境内に完成した宝物殿で展示されてる剣鉾や掛け軸(京都市東山区・粟田神社)

境内に完成した宝物殿で展示されてる剣鉾や掛け軸(京都市東山区・粟田神社)

 京都市東山区の粟田神社に、社宝を常設展示する宝物殿が完成した。粟田焼や七宝細工など地域の伝統産業にまつわる奉納品のほか、秋の祭礼「粟田祭」で使われる剣鉾などを紹介、平安時代創建の神社と氏子区域が歩んできた歴史を感じさせる逸品が並ぶ。


 老朽化していた絵馬堂を改修した。古い柱などは生かしつつ、瓦ぶきの屋根を銅ぶきにしたり建て増したりして約30平方メートルの展示室を整えた。

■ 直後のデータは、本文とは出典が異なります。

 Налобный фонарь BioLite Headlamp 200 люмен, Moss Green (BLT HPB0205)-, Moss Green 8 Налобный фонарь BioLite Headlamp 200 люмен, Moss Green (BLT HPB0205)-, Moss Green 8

 一帯は鎌倉時代には刀工の一派「粟田口派」が活躍したほか、江戸時代初期には粟田焼と呼ばれる焼きものの産地となった。これらの伝統を伝える宝物が神社に受け継がれており、宝物殿の整備は先代宮司の時からの悲願だったという。


 大正時代に1万日連続での参拝を達成した氏子が記念に奉納した絵馬などもあり、佐々貴敏道宮司は「蔵にしまわれたままの宝物も多く、この機会に参拝者に広く公開していきたい」と話している。


 開館は午前8時半~午後4時半。不定休、入館は無料。